Re: [arm-gnu] how to compile C code to NEON instructions



On 08/07/2011 08:45, vandung.tran@xxxxxxxxxxxxxxxx wrote:

Hi Bob
Thank you very much for your information
 > Yes, but the automatic vectorization is poor.
 > Check out the Neon Intrinsics and using inline assembly in your C
programs.

Can you provide me some documents that explain why automatic
vectorization is poor?

I want to know which compiler option is better: using mfpu=neon or not?
So I am looking for some C source code (no assembly inside) that can be
compiled to NEON instructions.
However, I can 't find.

Any information would be helpful.

Best Regards,
=====================
Tran Van Dung


What are you actually trying to do here? It sounds like you want to generate Neon instructions just so that you can say "the compiler can generate Neon instructions".

First, you'll have to learn about Neon - its programming model, registers, and instructions. Then /you/ have to write some C code that is relevant for /your/ application needs, and which you are confident would be best implemented using Neon. Then you compile it using various selections of compiler flags, studying the generated assembly code. Run the code and measure real world timings - for both Neon and non-Neon variants. Then re-implement the code with explicit Neon intrinsics, and compare that to the compiler-generated code for speed and size.

/Then/, and only then, will you have a good understanding about how to work together with the compiler to get the fastest possible code.

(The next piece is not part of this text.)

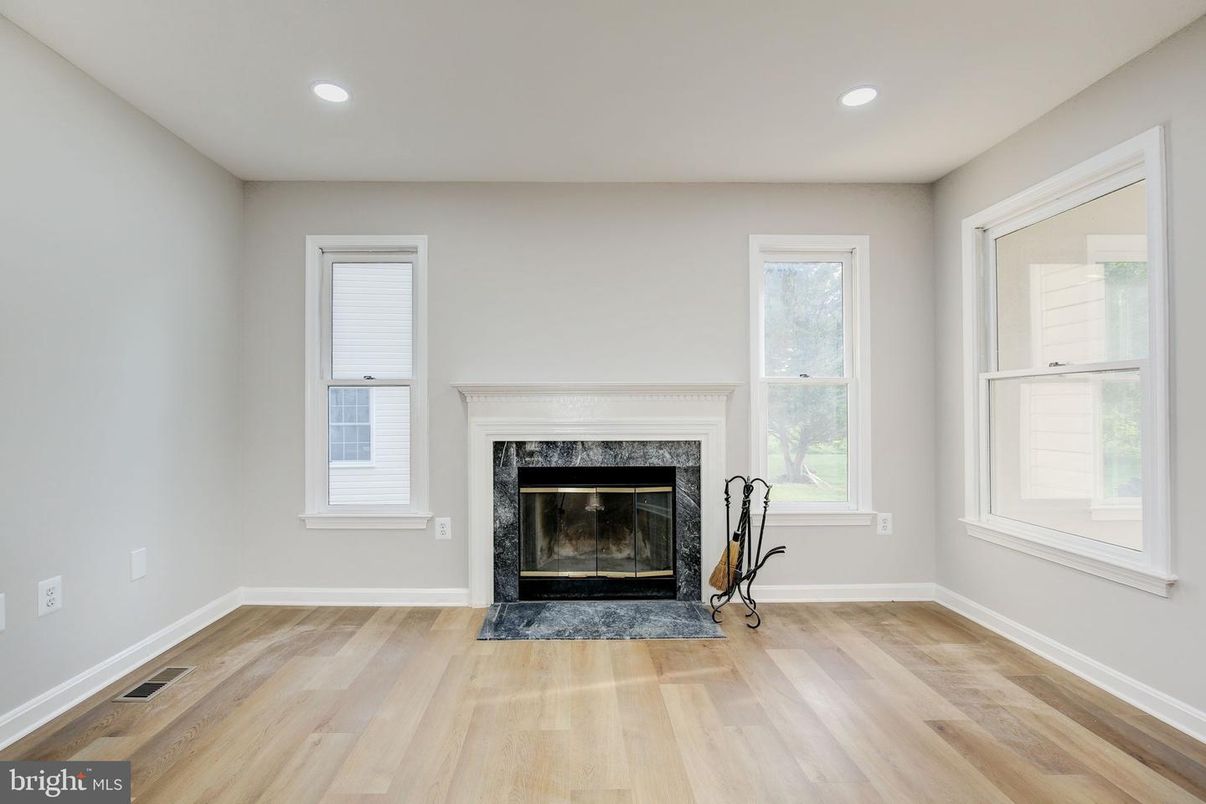 Empty room, Fireplace, Interior, Recessed Lighting, Wood Texture Flooring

As for automatic vectorisation being poor, it's actually a bit of a mixed bag. It has definitely been improving with newer versions of gcc - you have to be precise about the version number when asking about this, or when looking up the gcc manuals, as it's a part of gcc that has been under heavy development. The quality of the automatic vectorisation code varies a lot - different arrangements of the source code can have a heavy influence in how well the compiler can understand and optimise it. It's important to give the compiler as much information as you can - for example, it is better to use arrays with fixed sizes rather than pointers, and the ordering of loops is vital. The compiler flags will also have a big effect - many of the loop and vectorisation optimisations are not enabled by any -O flags, but must be specified explicitly.